Work task:
Look through the listing below for the line with "de Radu Gabrea" and the line with "Klaxons - Liquid". Copy both, along with every line between them, exactly and with no pictures.

Data supplied:
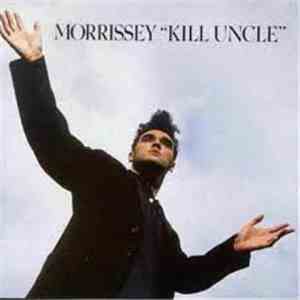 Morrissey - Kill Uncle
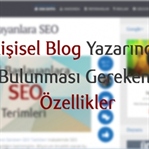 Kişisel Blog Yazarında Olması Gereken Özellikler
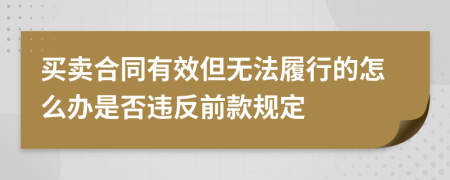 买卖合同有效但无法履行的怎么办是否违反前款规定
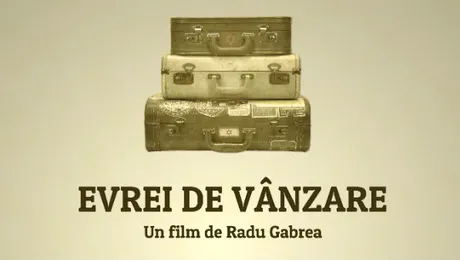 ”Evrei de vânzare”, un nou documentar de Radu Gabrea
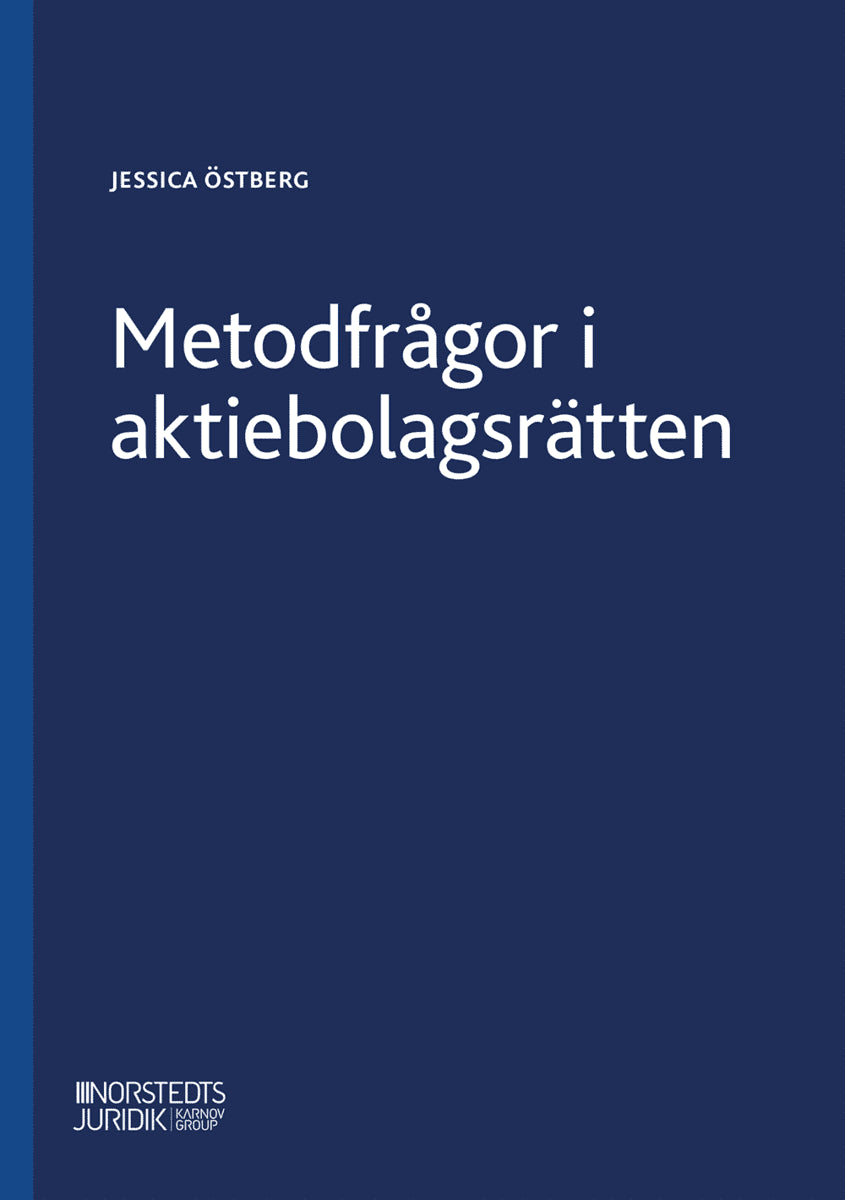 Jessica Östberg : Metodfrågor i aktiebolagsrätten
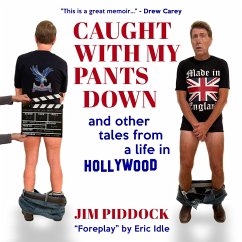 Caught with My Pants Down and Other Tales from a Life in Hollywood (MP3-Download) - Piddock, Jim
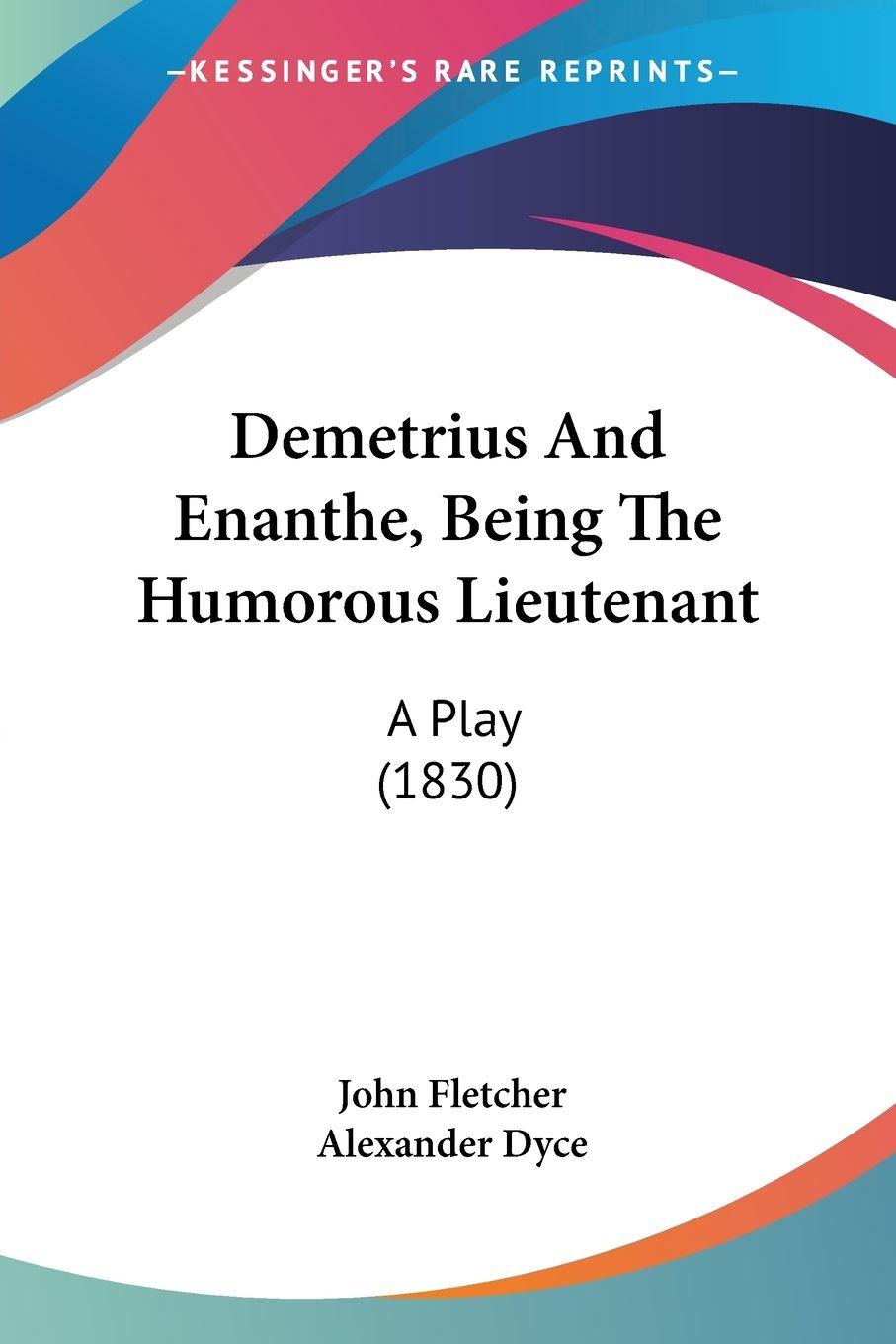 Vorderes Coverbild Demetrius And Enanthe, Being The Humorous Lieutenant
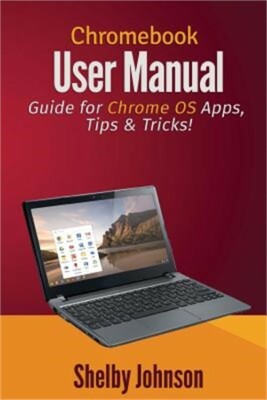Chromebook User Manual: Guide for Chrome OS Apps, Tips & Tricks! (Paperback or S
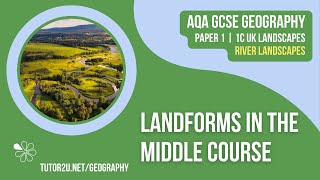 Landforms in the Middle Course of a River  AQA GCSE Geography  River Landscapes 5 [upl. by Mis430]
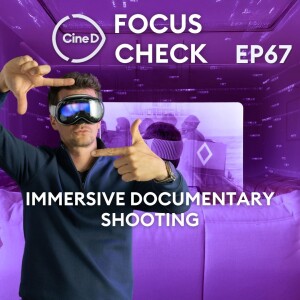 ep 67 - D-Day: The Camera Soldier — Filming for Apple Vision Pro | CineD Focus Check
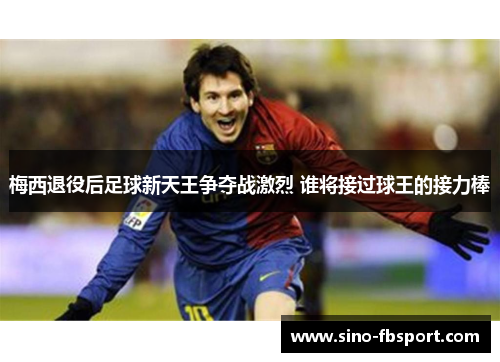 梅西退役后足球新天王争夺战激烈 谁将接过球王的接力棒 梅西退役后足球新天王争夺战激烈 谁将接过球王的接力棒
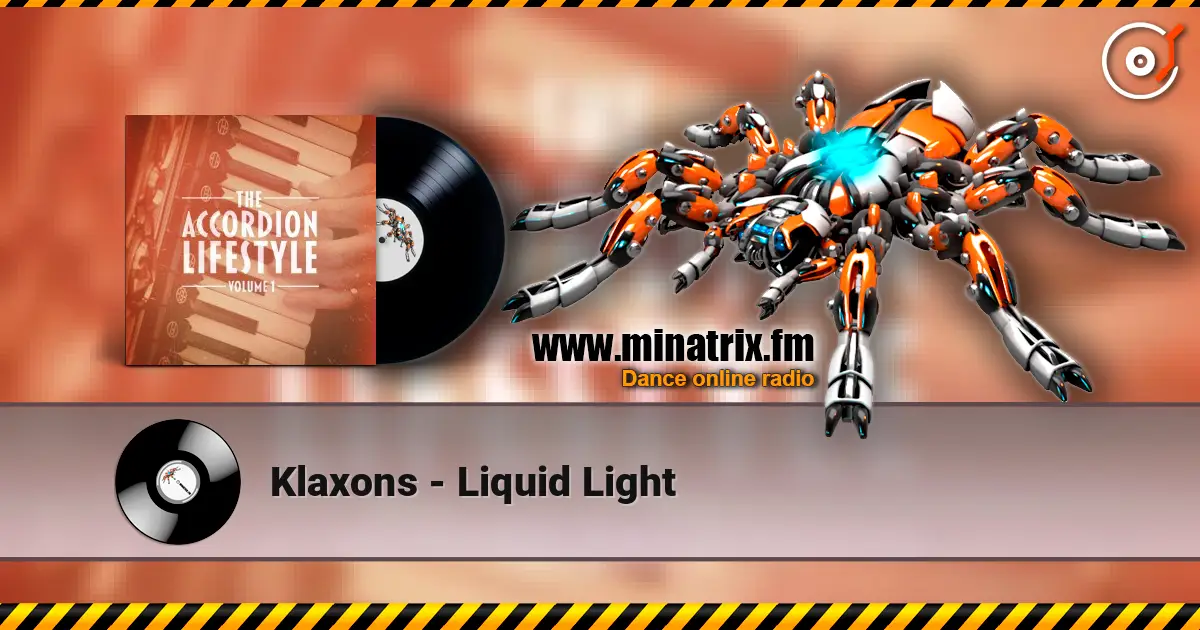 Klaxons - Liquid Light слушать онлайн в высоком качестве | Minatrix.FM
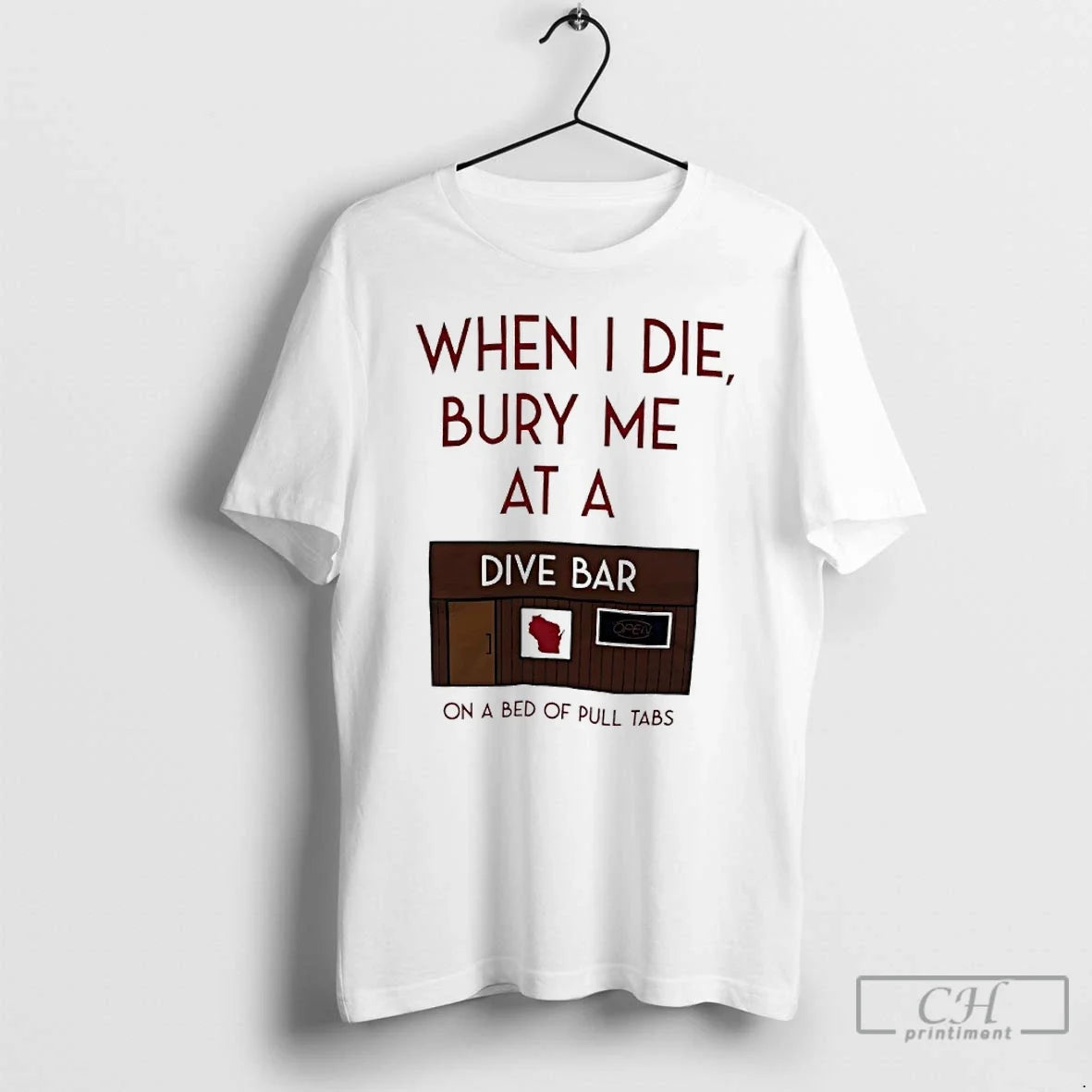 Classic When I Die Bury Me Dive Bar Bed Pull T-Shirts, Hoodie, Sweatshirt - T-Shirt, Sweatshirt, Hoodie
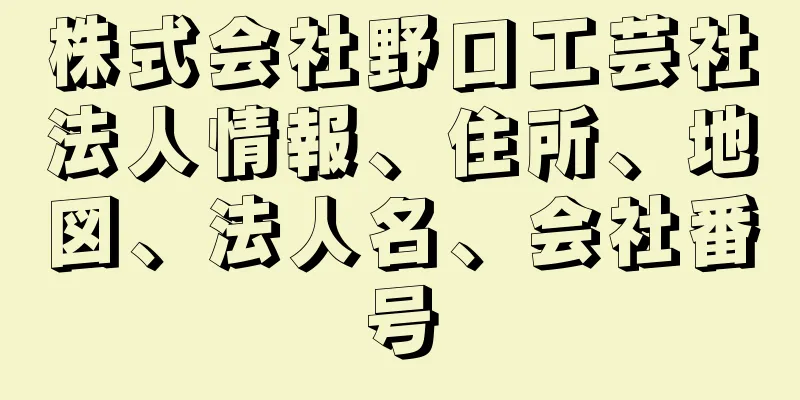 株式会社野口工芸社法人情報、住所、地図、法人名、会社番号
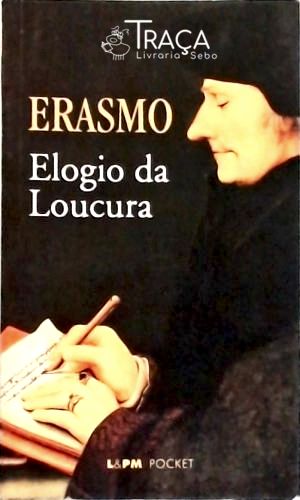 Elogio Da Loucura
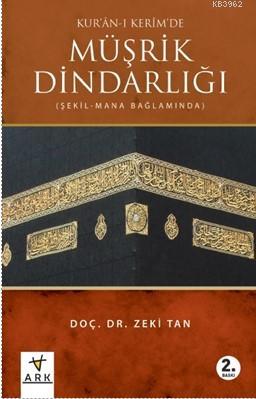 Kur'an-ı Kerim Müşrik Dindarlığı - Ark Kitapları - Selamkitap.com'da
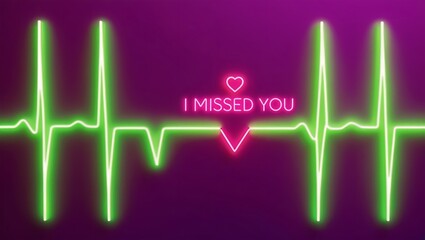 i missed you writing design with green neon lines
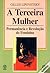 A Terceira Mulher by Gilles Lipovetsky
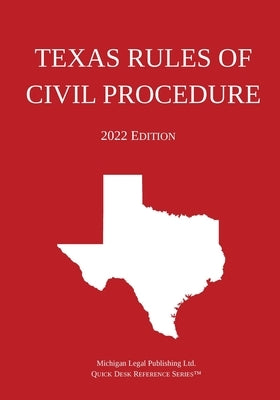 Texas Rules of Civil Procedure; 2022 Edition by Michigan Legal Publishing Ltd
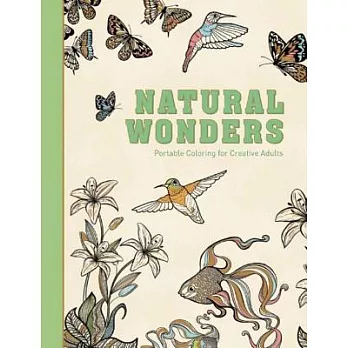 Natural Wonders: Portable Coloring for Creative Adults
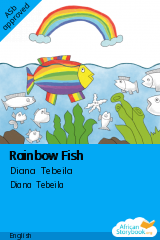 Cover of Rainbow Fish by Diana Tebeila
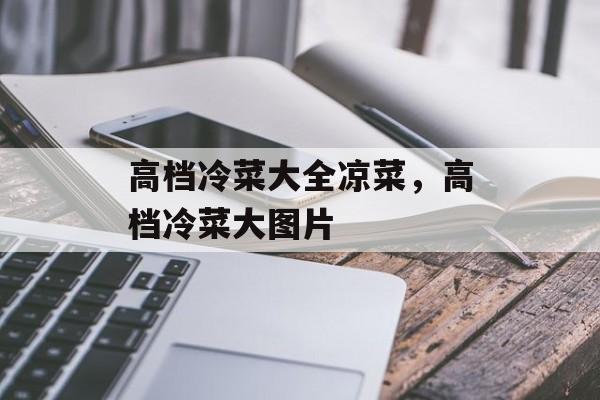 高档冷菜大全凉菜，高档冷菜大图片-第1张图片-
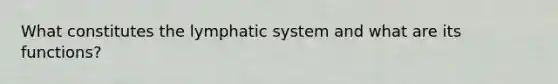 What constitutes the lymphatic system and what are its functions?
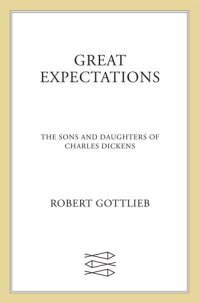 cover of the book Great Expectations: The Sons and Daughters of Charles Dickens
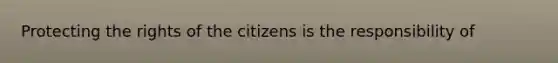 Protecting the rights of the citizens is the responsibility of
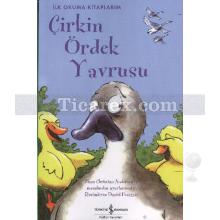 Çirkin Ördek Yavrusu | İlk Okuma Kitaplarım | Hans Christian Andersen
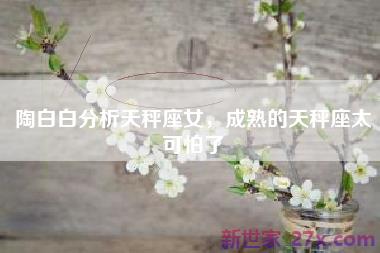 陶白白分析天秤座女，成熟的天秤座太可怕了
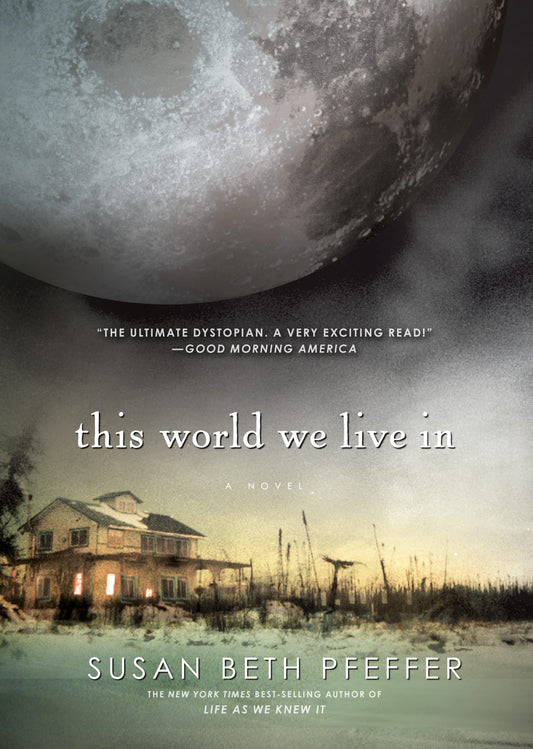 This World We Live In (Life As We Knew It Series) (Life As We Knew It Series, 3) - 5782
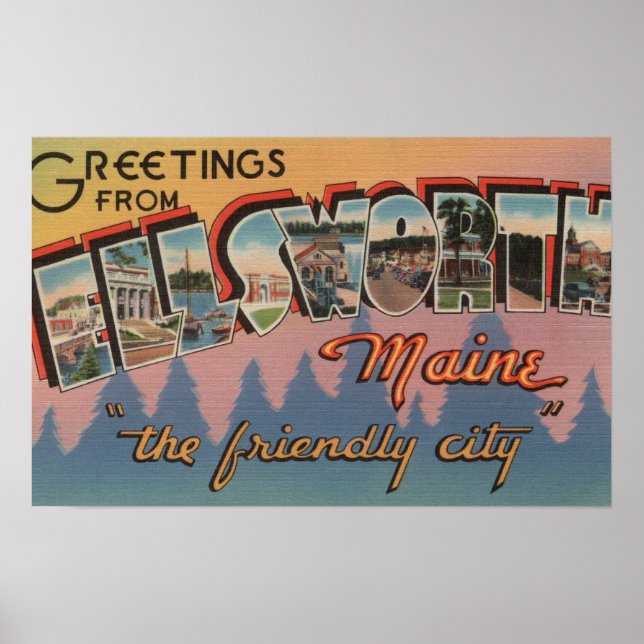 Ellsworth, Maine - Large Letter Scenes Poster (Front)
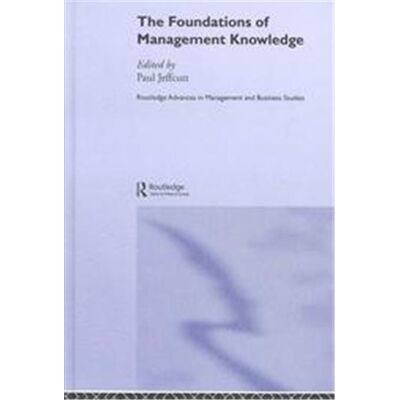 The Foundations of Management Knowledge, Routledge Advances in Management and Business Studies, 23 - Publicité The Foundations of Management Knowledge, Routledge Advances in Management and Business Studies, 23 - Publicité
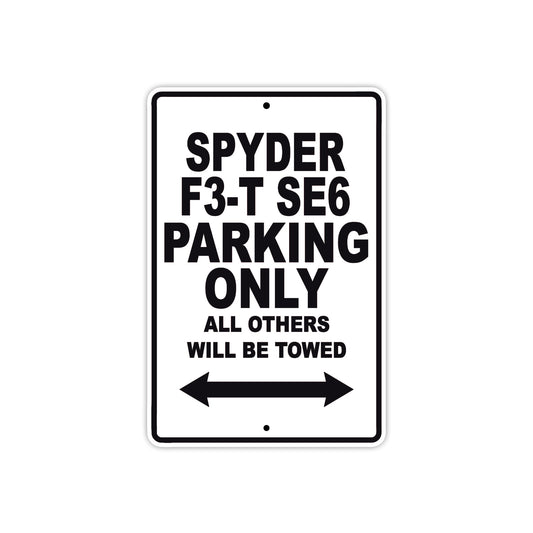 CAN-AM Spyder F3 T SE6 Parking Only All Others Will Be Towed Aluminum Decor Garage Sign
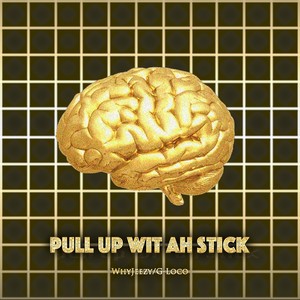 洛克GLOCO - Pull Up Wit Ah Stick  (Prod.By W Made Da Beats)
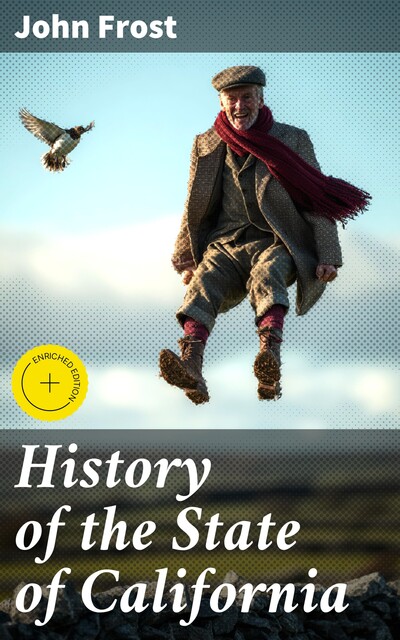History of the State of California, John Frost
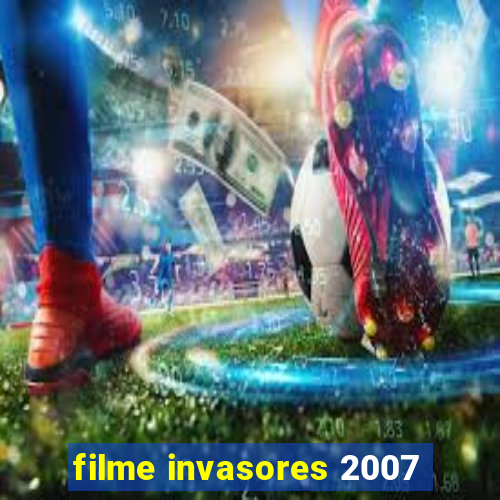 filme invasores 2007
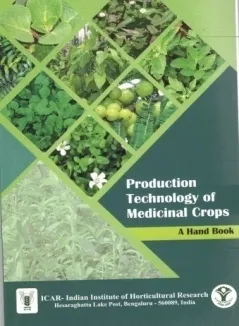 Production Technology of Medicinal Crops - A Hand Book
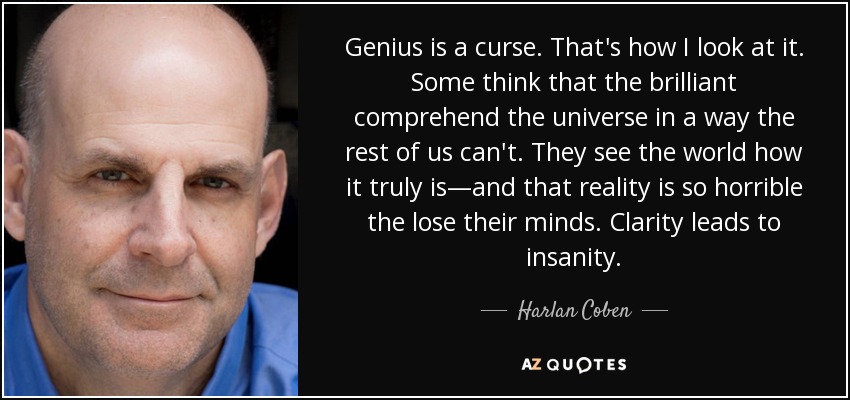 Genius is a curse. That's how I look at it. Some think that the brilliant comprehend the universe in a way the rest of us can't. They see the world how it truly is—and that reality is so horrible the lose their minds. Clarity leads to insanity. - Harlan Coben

Task output:
 ”Evrei de vânzare”, un nou documentar de Radu Gabrea
 Jessica Östberg : Metodfrågor i aktiebolagsrätten
 Caught with My Pants Down and Other Tales from a Life in Hollywood (MP3-Download) - Piddock, Jim
 Vorderes Coverbild Demetrius And Enanthe, Being The Humorous Lieutenant
Chromebook User Manual: Guide for Chrome OS Apps, Tips & Tricks! (Paperback or S
 Landforms in the Middle Course of a River  AQA GCSE Geography  River Landscapes 5 [upl. by Mis430]
 ep 67 - D-Day: The Camera Soldier — Filming for Apple Vision Pro | CineD Focus Check
 梅西退役后足球新天王争夺战激烈 谁将接过球王的接力棒 梅西退役后足球新天王争夺战激烈 谁将接过球王的接力棒
 Klaxons - Liquid Light слушать онлайн в высоком качестве | Minatrix.FM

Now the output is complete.